Intelligence as a Commodity
And The Philosophy of Deep Learning
My Latest Podcast
My latest podcast was with Natural Language expert Sam Bowman, who is professor of Data Science and Linguistics at NYU, currently spending a sabbatical at Anthropic in San Francisco. Sam is a prominent expert in the space of Natural Language. We talked about AI systems such as ChatGPT, the risks they pose, and the challenge of exercising oversight over machines that become smarter than us.
There is an awe and fear about AI. Has it already gone out of control? A recent letter by prominent researchers has called on a halt of at least six months to pause “Giant AI Experiments” for training models more powerful than GPT-4. The letter is well-motivated. I have warned about the risks of AI algorithms some time ago, but I think the genie is out of the bottle this time. It’s a little late.
It evokes concerns of an old problem in AI, called the control problem that was expressed by the cybernetician Norbert Wiener in 1960, where he said: If we use, to achieve our purposes, a mechanical agency with whose operation we cannot efficiently interfere once we have started it…then we had better be quite sure that the purpose put into the machine is the purpose which we really desire and not merely a colorful imitation of it.
Sounds prophetic, doesn’t it?
The Philosophy of Deep Learning
I attended a workshop at NYU over the weekend of March 25-26 titled The Philosophy of Deep Learning. It was organized by Raphael Milliere from Columbia University, together with my philosopher colleagues Dave Chalmers and Ned Block from the NYU Center for Mind, Brains, and Consciousness. The workshop was most timely considering the recent developments in AI.
What do we mean by the philosophy of deep learning? I define it as “the study of the cognitive capacities, computational properties, and societal impacts of AI Machines that use deep neural networks (DNNs) to learn from data.”
The philosophy of deep learning is related to the Philosophy of science and the Philosophy of Mind, which is the study of thinking, intentionality, feeling, consciousness, and sensory perception of the human mind. It is also related to the empirically-driven fields of psychology, cognitive science, neuroscience, and biology. The workshop brought together a diverse group of perspectives on the philosophical foundations of deep learning.

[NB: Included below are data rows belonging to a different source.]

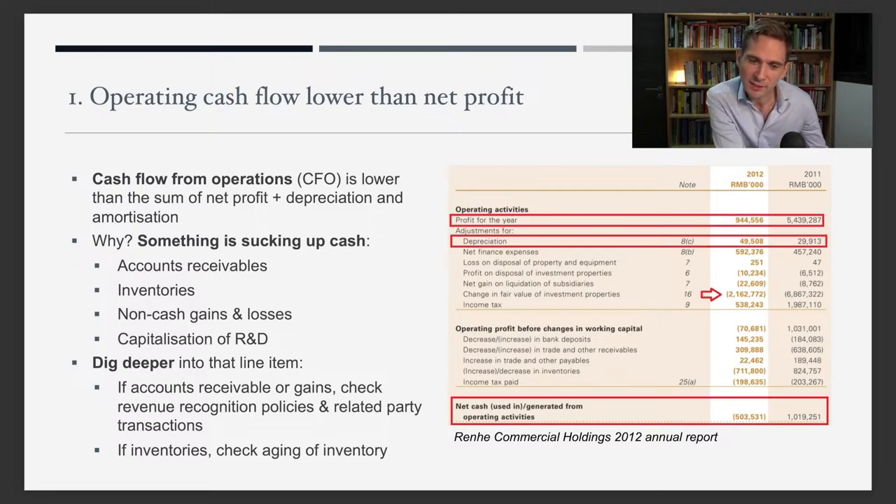Then you dig deeper into that specific line item. For example, if it's about accounts receivable, you figure out the revenue recognition. If it's about inventories, you check the aging of inventories. Those are just two suggestions — you can dig deeper in any way, and the particular item really depends on the situation.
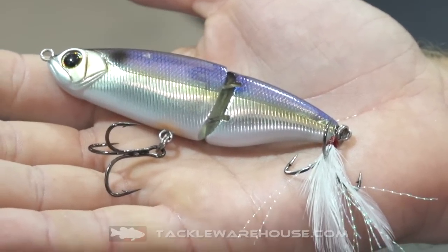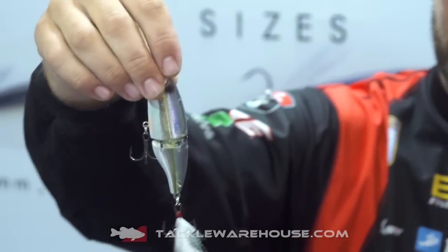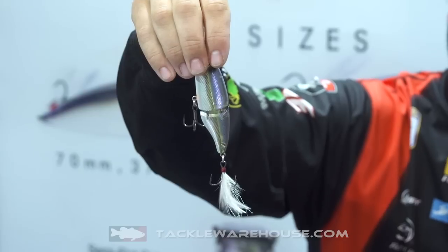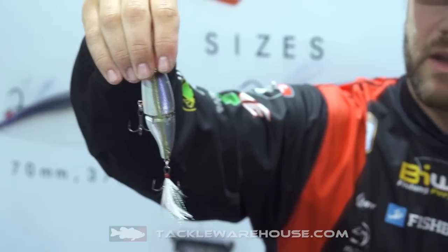It's a jointed swimbait. It's going to be a good bait to throw all year round. I'd put it on a 7.3 medium heavy rod, 15 to 20 pound line depending on the cover you're fishing around. It's just going to be an awesome bait and I personally know that it just flat out catches fish. You've got to check them out.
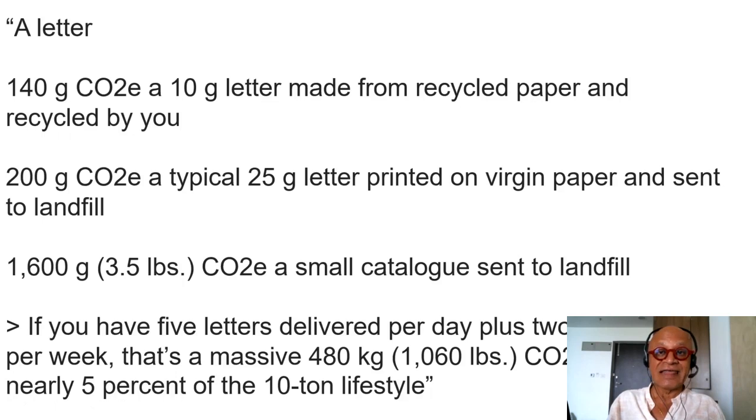Hardly anybody writes letters anymore, but you get an enormous amount of junk mail which nobody reads. People take it out of the mailbox and just dump it — a lot of those are glossy, covered with chemicals to make them bright and shiny, and many don't biodegrade as fast as normal paper. If you have five letters delivered per day plus two catalogs per week, that's a massive 480 kg of CO2 equivalent per year — nearly five percent of a 10-ton lifestyle.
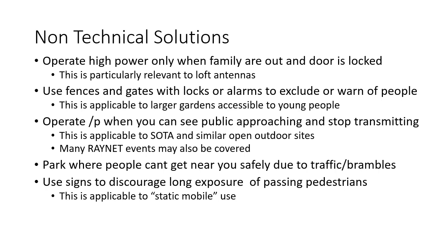Many Raynet events are also covered. You can simply call in the number of the horse after it has gone on its way. You can park where people can't get near you safely — for example, one side of the car protected by brambles and the other by moving traffic. You could use signs to discourage long exposure of passing pedestrians in static mobile operation. That's what the MOD do — their Land Rovers have a 'do not loiter within two meters of any antenna' sign for exactly that reason.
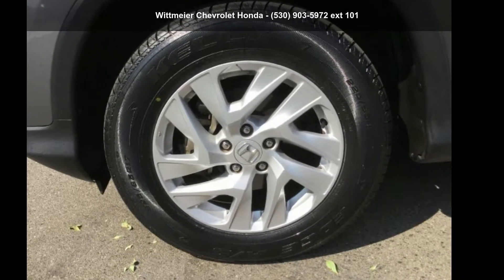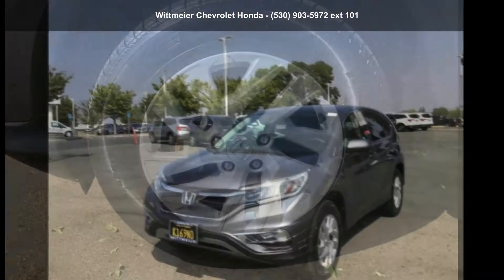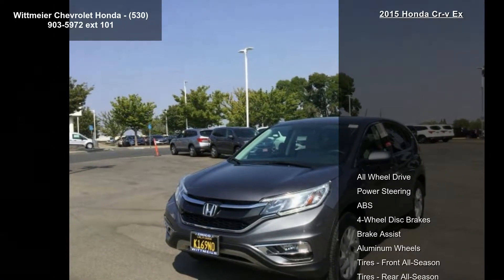Step into the Honda 2015 CR-V. If you are looking for an automobile with great features, look no further.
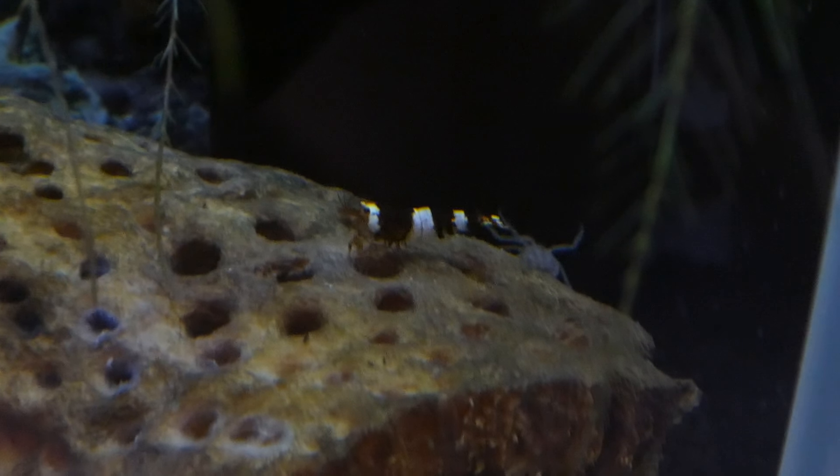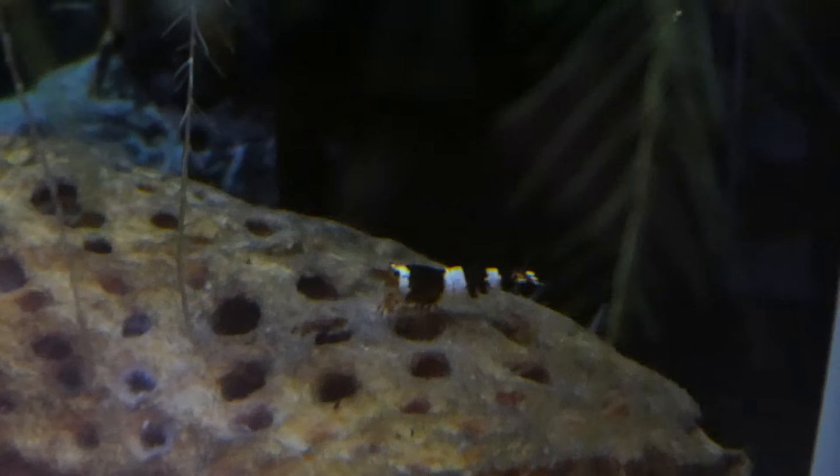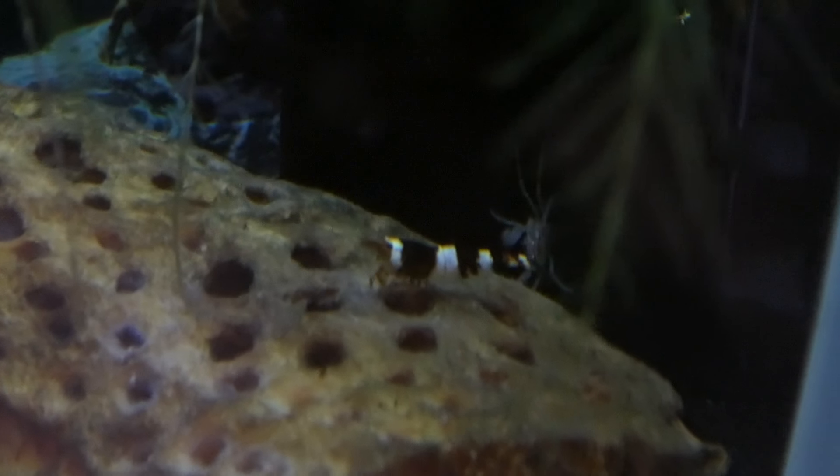Here we're taking a look at our Gardena tank with one of our crystal reds, and we're also trying to get a shot of our Thai micro crab. And there he comes.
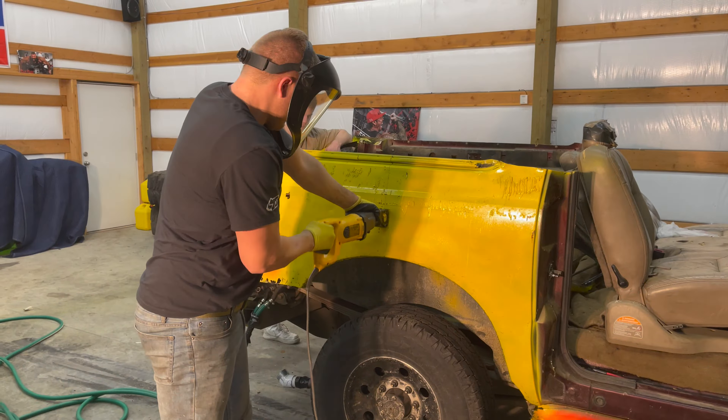Is that stuff pretty flammable? I don't know, but I think it can be. It seemed like it is. Cool.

As a scientist, the workshop raised two broad questions for me. The first is “to what extent can humans understand DNNs?”
There is an implicit belief that “explainable AI” will emerge once we understand how models such as ChatGPT work. There’s a lot of research involving “probing” the neural network to try and understand how it represents its knowledge internally. However, this line of inquiry is hopeful that the machine represents the world at the “symbolic” level, like we think we do. But what if its internals are inherently inscrutable to humans because it represents things statistically in a manner humans can’t understand? In which case, we would be building on something we don’t fully understand.
Which brings up a second question, namely, “Are the current foundations of Large Language Models sufficient for creating human-level AI?” By human-level AI, I mean capabilities that meet or exceed that of most humans. From the philosophy of mind perspective, the question is whether the current architecture of DNNs, broadly termed the Transformer, is capable of supporting things like intentionality, feeling, and consciousness. My takeaway is, not yet.
Intelligence as a Commodity
Philosophical questions and risks notwithstanding, AI is in the early stages of a major paradigm shift. The emergence of pre-trained models of the world such as ChatGPT have demonstrated that they are fit for general-purpose consumption. That genie is out of the bottle. People are already building all kinds of applications using them.
Pre-trained models have transformed AI from an application to a general purpose technology. In the process, intelligence is becoming a commodity. Their owners are beginning to charge according to usage, like electricity.
How did this happen? After all, ChatGPT was trained for one specific prediction task using available language data on the Internet: given a sequence of text, predict what comes next. According to Sam Bowman, this task was serendipitous. It was just at the right level of difficulty, that forced the model to really “understand” context and all kinds of other interesting things about the world that we are still trying to unravel.
What is serendipitous is that learning to perform this prediction task enables the machine to tell you why a joke is funny, summarize or interpret a corpus, compose a poem, and all kinds of other things that it wasn’t explicitly designed to do. That’s what makes pre-trained models a commodity, where the intelligence is configurable to any task requiring it. Like electricity. Ironically, however, no one can predict how ChatGPT will respond to an input, not even its creators. No one fully understands how it works.
I say ironic because in the field of AI, the mantra is that the best way to understand something is to implement it as a computer program. We did, but DNNs were motivated by the structure of the brain, which we barely understand, so perhaps it is unsurprising that we can’t understand DNNs either.
That’s where we stand today. Now, there is alarm. How can we control something we don’t fully understand? I asked this very question seven years ago after the Tay chatbot fiasco. What if these machines start doing things we don’t want them to do? Can we align them with what we really want? I discussed the alignment problem in depth with two of my previous guests, Brian Christian and Stuart Russell, so check out those episodes.
If intelligence has become a commodity, imagine a world where it trades in the futures markets, like oil and electricity. This would have blown Huxley’s mind.